Keep each entry exactly as written when you repeat it, and skip the images.

→ **GIVEN DATA**:
━━━━━━━━━━━━━━━━━━━━

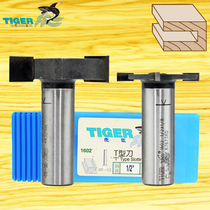 Tiger shark T-type knife 1602 woodworking milling cutter 1 2 sealing edge strip embedding edge grooving knife line cabinet back plate slot wire knife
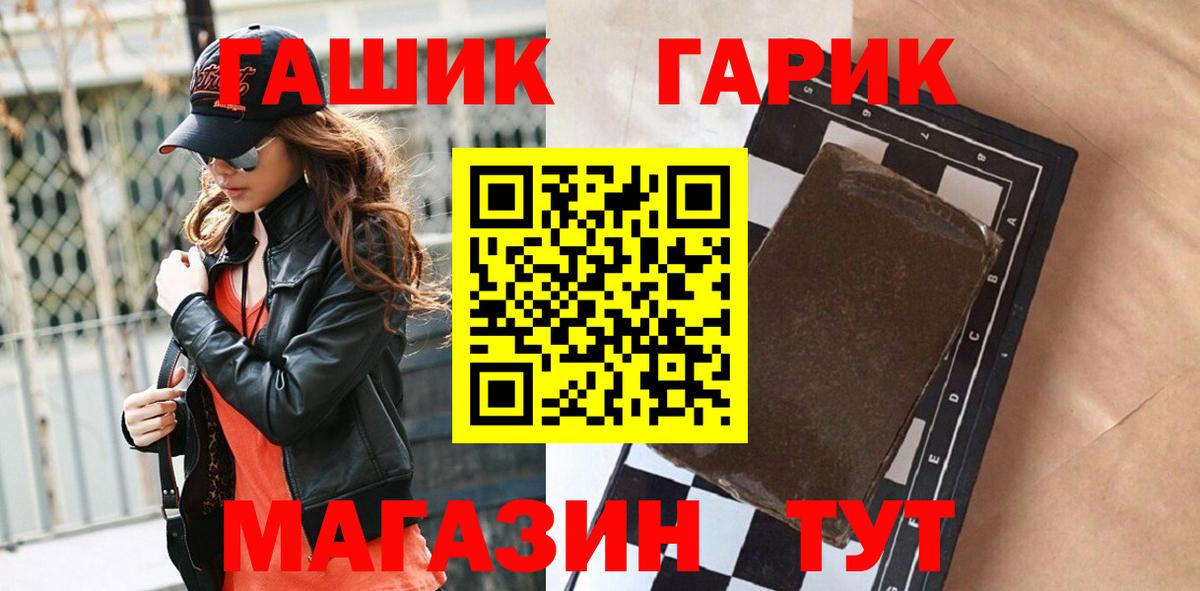 Серов  Гашиш Ice-O-Lator  где купить наркотик  Вход с VPN 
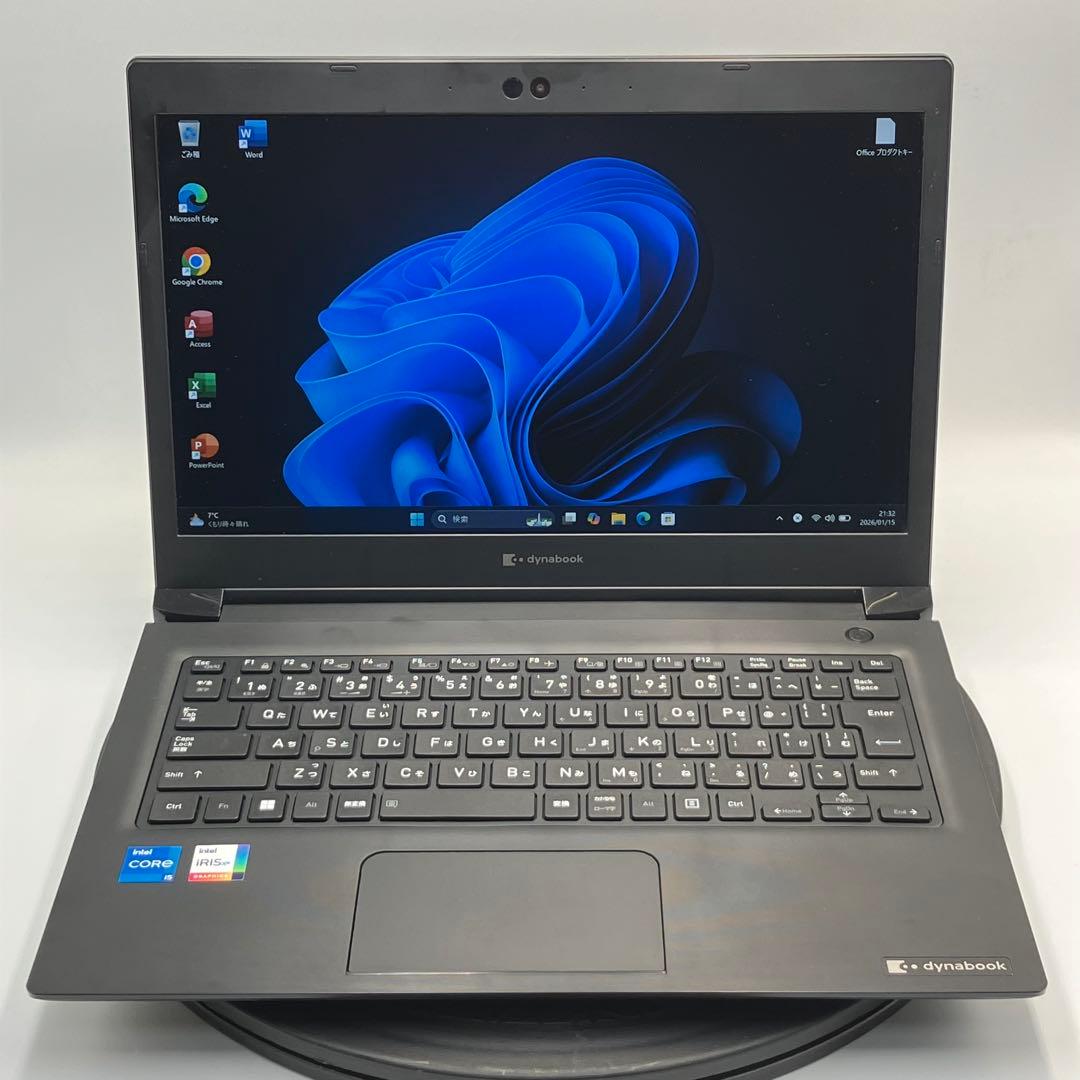 dynabook S73/HV i5 第11世代 Office win11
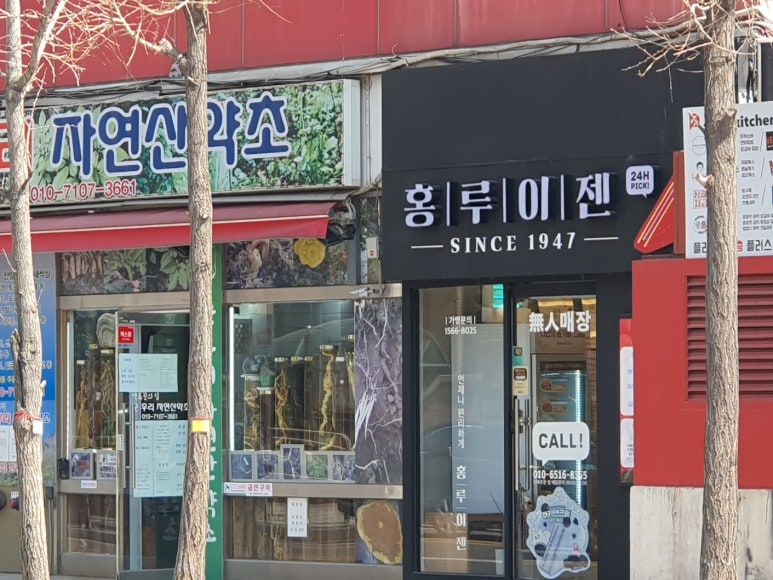 홍루이젠강서 이미지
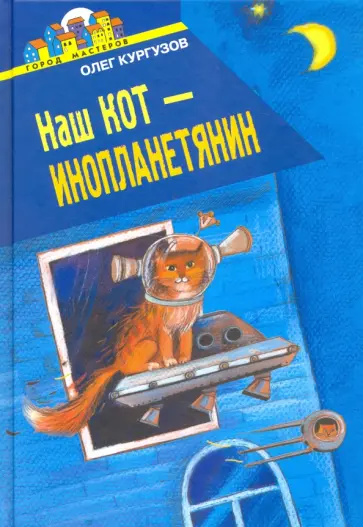 Олег Кургузов - Наш кот - инопланетянин Олег Кургузов - Наш кот - инопланетянин обложка книги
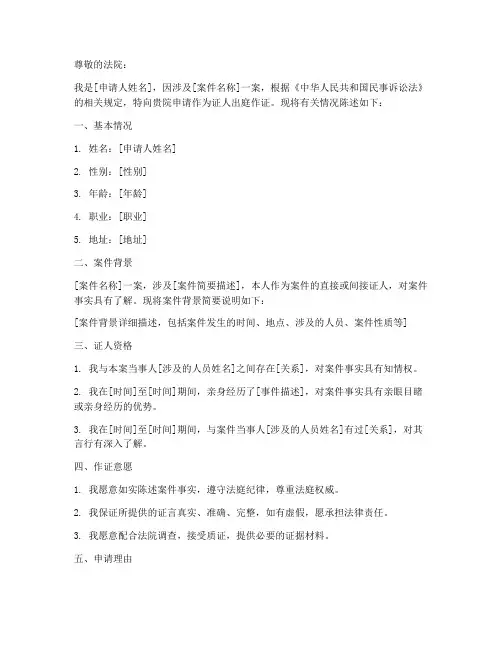 证人申请作证申请书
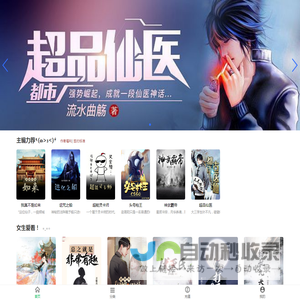 馨钰小说网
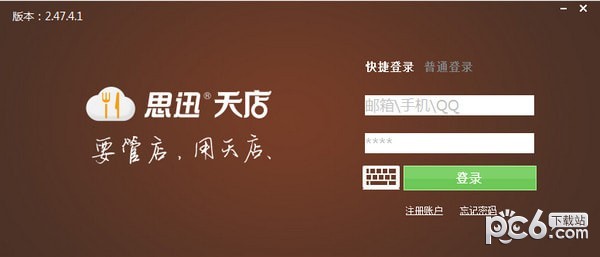 天店餐飲收銀系統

━━━━━━━━━━━━━━━━━━━━

→ **EXERCISE OUTPUT**:
 Tiger shark T-type knife 1602 woodworking milling cutter 1 2 sealing edge strip embedding edge grooving knife line cabinet back plate slot wire knife
 Серов  Гашиш Ice-O-Lator  где купить наркотик  Вход с VPN 
 dynabook S73/HV i5 第11世代 Office win11
 홍루이젠강서 이미지
 Олег Кургузов - Наш кот - инопланетянин Олег Кургузов - Наш кот - инопланетянин обложка книги
 证人申请作证申请书
 馨钰小说网
 天店餐飲收銀系統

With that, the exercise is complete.